BEGIN Listed records

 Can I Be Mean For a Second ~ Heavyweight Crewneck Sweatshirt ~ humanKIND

END Listed records
BEGIN Listed records

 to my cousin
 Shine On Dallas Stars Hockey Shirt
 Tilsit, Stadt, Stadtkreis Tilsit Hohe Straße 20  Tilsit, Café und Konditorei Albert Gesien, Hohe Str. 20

END Listed records
BEGIN Listed records

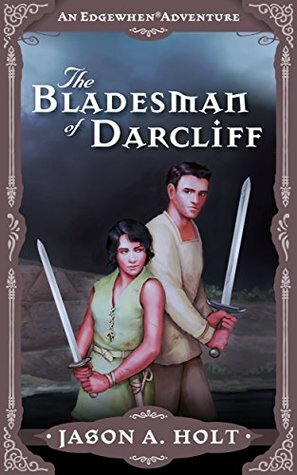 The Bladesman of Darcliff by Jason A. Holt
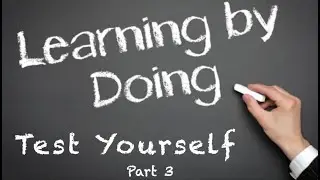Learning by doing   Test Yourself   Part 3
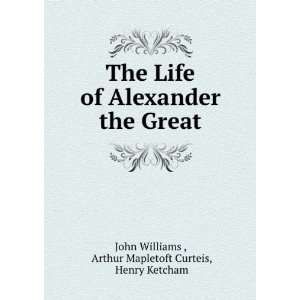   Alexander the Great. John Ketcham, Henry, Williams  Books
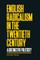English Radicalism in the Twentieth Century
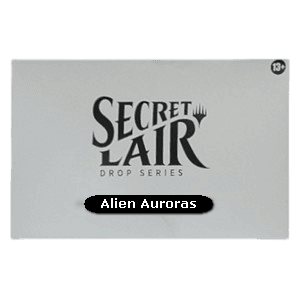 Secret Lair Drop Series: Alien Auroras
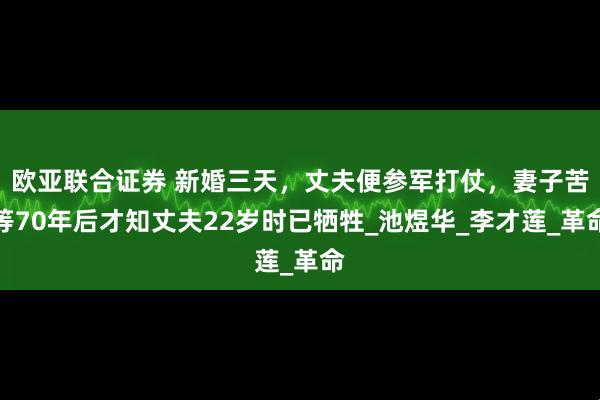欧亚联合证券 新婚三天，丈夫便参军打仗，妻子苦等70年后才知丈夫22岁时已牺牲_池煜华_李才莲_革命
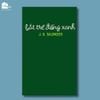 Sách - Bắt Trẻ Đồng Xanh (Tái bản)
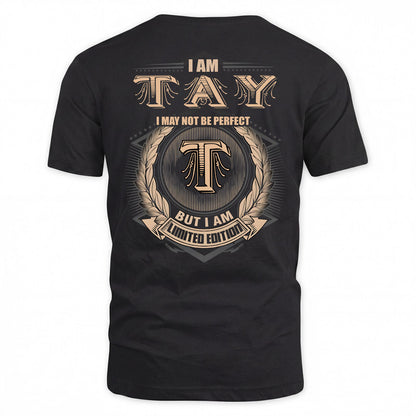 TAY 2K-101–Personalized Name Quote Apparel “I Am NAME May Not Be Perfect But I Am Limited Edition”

END Listed records

- **Exercise directions**
Copy out the listing above from the line containing "The Bladesman of Darcliff by Jason A. Holt" to the line containing "TAY 2K-101–Personalized Name", both included, exactly as written and minus the images.

- **Answer box**
 The Bladesman of Darcliff by Jason A. Holt
Learning by doing   Test Yourself   Part 3
   Alexander the Great. John Ketcham, Henry, Williams  Books
English Radicalism in the Twentieth Century
 Secret Lair Drop Series: Alien Auroras
欧亚联合证券 新婚三天，丈夫便参军打仗，妻子苦等70年后才知丈夫22岁时已牺牲_池煜华_李才莲_革命
 Sách - Bắt Trẻ Đồng Xanh (Tái bản)
 TAY 2K-101–Personalized Name Quote Apparel “I Am NAME May Not Be Perfect But I Am Limited Edition”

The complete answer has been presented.